Already the Stuart monarch had replaced most of the Protestant officials in England and Ireland with Catholics. In Scotland he had put down a rebellion by Archibald Campbell Duke of Argyll and in England a rebellion by the Duke of Monmouth who had declared himself king. Both rebellions had occurred simultaneously in 1685 and had been launched from Holland, where the reigning monarch, William of Orange had turned a blind eye to the activities of the rebels.
After these rebellions, James decided that he should have a standing army in order to protect himself from any future attempt to oust him. Parliament refused his request stating that it went against English tradition to have an army during times of peace. They were also fearful of the fact that Catholics no longer needed to take the Oath as obligated by the Test Act and could now command regiments. Even James’ own Protestant brothers-in-law were removed from office and their positions given to Catholics. In Scotland James demanded that toleration should be shown to Catholics but he had no such wish for it to be given to the Covenanters, though he did grant partial toleration of Presbyterians.
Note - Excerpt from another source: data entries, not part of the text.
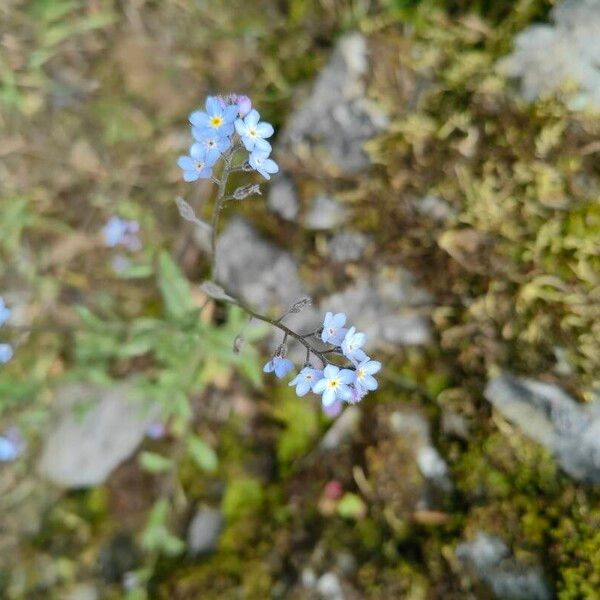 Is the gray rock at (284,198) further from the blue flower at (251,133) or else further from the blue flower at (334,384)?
the blue flower at (334,384)

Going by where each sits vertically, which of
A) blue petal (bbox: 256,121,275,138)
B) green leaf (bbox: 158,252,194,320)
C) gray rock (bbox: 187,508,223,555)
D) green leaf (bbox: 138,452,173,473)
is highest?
blue petal (bbox: 256,121,275,138)

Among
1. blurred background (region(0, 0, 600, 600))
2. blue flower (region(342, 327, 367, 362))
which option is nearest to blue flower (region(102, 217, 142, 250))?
blurred background (region(0, 0, 600, 600))

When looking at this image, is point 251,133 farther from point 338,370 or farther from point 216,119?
point 338,370

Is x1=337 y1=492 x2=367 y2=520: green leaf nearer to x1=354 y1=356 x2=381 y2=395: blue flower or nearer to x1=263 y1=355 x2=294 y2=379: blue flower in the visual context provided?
x1=354 y1=356 x2=381 y2=395: blue flower

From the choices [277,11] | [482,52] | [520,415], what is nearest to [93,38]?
[277,11]

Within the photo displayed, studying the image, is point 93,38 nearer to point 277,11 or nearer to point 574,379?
point 277,11

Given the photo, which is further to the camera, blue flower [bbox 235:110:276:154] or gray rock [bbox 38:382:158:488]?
gray rock [bbox 38:382:158:488]

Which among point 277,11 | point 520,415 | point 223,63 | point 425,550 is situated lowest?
point 425,550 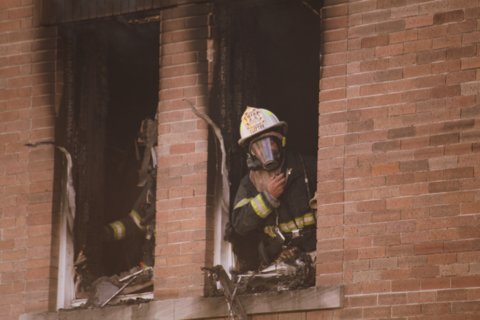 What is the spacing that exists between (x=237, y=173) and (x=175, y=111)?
76 centimetres

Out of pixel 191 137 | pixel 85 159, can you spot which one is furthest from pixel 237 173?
pixel 85 159

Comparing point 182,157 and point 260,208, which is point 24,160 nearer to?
point 182,157

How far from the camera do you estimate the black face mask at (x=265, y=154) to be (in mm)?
14836

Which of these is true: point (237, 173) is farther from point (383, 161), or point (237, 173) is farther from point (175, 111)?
point (383, 161)

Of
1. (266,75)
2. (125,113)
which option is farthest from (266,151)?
(125,113)

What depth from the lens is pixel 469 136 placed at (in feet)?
44.8

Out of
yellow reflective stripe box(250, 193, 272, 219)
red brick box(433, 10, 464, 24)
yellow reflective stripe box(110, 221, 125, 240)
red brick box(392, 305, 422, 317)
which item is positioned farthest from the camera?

By 1687, James’ had alienated almost all the Anglicans, and he had purged many Protestants from their positions. He ordered the Anglican clergy to read in church his Declaration of Indulgence, which demanded the repeal of the Test Act and the removal of the penal laws against Catholics and Dissenters. The final straw was the birth of a healthy son, James Francis Edward, in 1688. The child was baptised into the Catholic faith. There were many accusations that the child was not a true prodigy of the King but these were never proved. However, fear and outright resentment of the King was evident.
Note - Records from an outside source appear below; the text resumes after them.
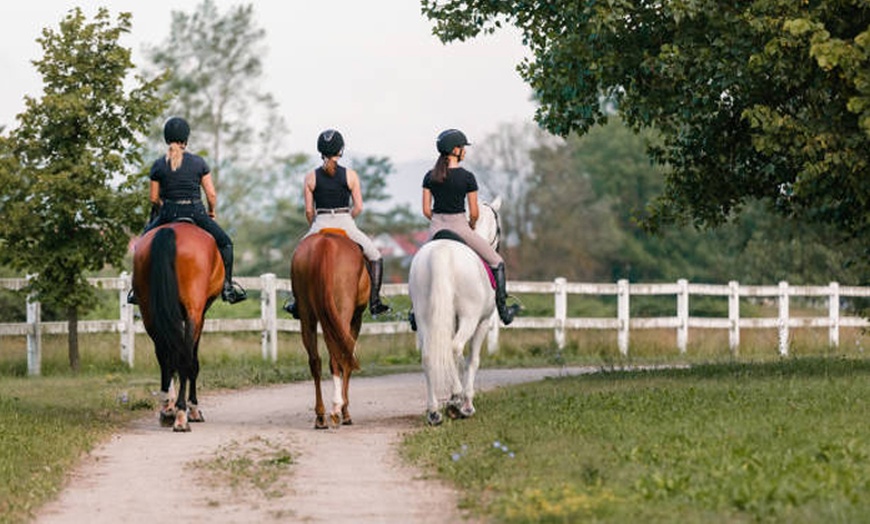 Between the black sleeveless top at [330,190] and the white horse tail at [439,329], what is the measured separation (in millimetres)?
1306

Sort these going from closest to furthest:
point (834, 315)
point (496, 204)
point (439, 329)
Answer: point (439, 329) < point (496, 204) < point (834, 315)

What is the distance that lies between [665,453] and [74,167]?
627 inches

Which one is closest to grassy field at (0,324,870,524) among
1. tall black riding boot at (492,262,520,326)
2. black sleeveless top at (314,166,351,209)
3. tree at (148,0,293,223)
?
tall black riding boot at (492,262,520,326)

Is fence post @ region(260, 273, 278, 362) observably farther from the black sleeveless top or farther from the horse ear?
the black sleeveless top

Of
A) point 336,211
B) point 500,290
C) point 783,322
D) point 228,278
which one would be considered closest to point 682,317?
point 783,322

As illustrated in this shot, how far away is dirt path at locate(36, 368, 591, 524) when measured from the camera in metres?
9.52

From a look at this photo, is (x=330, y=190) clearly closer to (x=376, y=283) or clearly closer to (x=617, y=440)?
(x=376, y=283)

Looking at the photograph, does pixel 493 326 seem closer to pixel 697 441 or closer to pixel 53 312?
pixel 53 312

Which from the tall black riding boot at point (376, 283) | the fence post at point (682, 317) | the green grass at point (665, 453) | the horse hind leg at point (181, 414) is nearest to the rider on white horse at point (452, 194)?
the tall black riding boot at point (376, 283)

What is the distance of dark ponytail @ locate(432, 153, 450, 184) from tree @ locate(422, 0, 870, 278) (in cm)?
451

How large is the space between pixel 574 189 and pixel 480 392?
203 ft

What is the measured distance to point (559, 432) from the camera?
12461 millimetres

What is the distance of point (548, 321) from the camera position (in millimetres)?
31406

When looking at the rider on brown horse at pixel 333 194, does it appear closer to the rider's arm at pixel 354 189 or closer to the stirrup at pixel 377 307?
the rider's arm at pixel 354 189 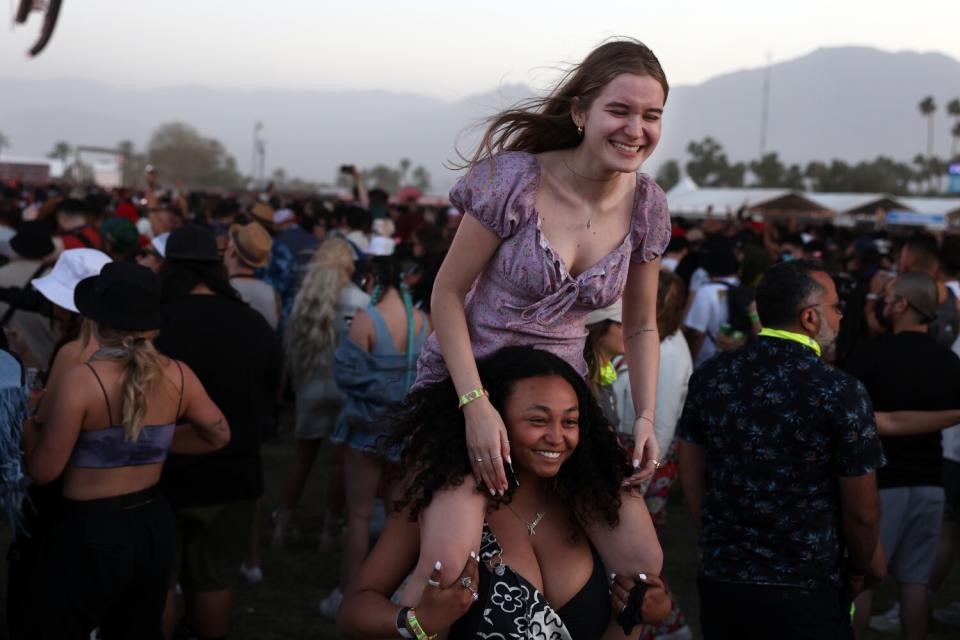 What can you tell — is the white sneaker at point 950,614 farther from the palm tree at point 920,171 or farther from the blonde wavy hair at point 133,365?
the palm tree at point 920,171

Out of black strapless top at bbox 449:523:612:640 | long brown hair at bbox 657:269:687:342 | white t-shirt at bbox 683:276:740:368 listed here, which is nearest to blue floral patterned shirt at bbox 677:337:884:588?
black strapless top at bbox 449:523:612:640

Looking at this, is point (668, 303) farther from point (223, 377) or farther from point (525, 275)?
point (525, 275)

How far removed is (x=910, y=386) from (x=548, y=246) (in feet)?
9.28

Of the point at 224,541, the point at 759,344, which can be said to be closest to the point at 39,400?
the point at 224,541

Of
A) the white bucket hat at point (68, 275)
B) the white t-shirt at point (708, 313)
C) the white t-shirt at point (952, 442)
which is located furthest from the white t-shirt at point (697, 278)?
the white bucket hat at point (68, 275)

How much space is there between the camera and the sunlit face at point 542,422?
2416 mm

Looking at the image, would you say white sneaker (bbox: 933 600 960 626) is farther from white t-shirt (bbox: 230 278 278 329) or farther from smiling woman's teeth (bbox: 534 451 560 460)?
smiling woman's teeth (bbox: 534 451 560 460)

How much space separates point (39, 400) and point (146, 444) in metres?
0.40

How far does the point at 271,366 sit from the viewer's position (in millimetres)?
5125

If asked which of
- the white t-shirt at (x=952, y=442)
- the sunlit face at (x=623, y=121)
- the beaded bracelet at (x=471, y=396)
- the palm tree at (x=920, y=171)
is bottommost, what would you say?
the palm tree at (x=920, y=171)

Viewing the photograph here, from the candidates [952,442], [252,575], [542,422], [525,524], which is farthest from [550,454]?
[252,575]

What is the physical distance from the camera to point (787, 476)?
3420 mm

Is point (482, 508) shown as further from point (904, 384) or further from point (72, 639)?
point (904, 384)

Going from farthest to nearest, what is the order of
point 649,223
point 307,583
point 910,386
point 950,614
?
point 307,583 < point 950,614 < point 910,386 < point 649,223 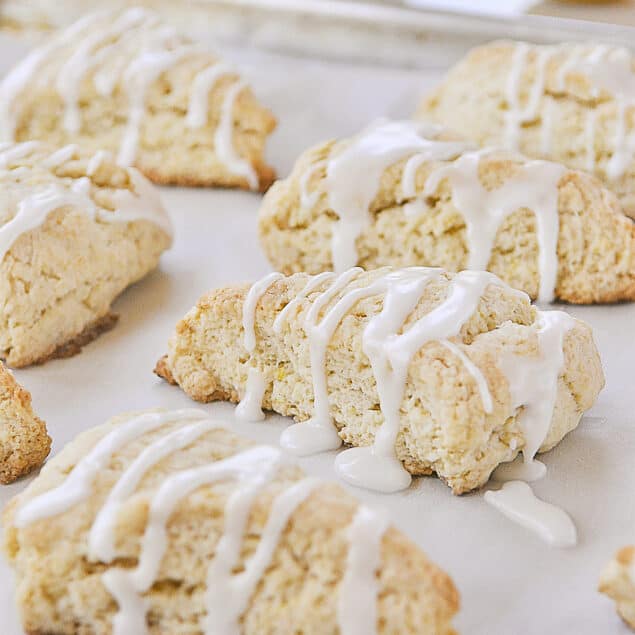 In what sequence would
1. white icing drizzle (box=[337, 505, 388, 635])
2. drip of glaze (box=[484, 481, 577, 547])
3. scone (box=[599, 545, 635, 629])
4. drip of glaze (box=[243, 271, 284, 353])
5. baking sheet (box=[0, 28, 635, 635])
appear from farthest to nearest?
drip of glaze (box=[243, 271, 284, 353]), drip of glaze (box=[484, 481, 577, 547]), baking sheet (box=[0, 28, 635, 635]), scone (box=[599, 545, 635, 629]), white icing drizzle (box=[337, 505, 388, 635])

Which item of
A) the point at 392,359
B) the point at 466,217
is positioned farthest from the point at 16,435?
the point at 466,217

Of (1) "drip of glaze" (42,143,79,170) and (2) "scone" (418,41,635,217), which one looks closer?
(1) "drip of glaze" (42,143,79,170)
William of Orange is invited to invade England
In June 1688 a group of Protestant nobles (The Immortal Seven) went to Holland and invited William of Orange to invade England with his army. At first William hesitated, perhaps worried that the French would move against him, but later he agreed and in November 1688 he landed with his army in Brixham. English Protestants, including his sister Anne and Lord Churchill immediately started to desert James, as did many Protestant officers in his army.
King James flees England
Seeing that resistance was futile James attempted to flee to the safety of France but was apprehended by some fishermen and taken back to London. During this escape he threw the Great Seal of the Realm into the Thames. James was then placed under armed guard but William, not wishing to make him a martyr allowed him to escape again in December. He was received by King Louis XIV of France, his cousin and ally.
William then convened Parliament which pulled back from disposing James as king. However they declared that James, by his flight and the act of throwing the great Seal into the river, had abdicated his throne. They then declared that Mary Stuart, his daughter would be Queen and her husband William would be king. Parliament then denounced James for abuse of power and of trying to repeal the Test Act amongst other things. They also declared that no Catholic would ever again ascend to the English throne nor could any English monarch marry a Catholic.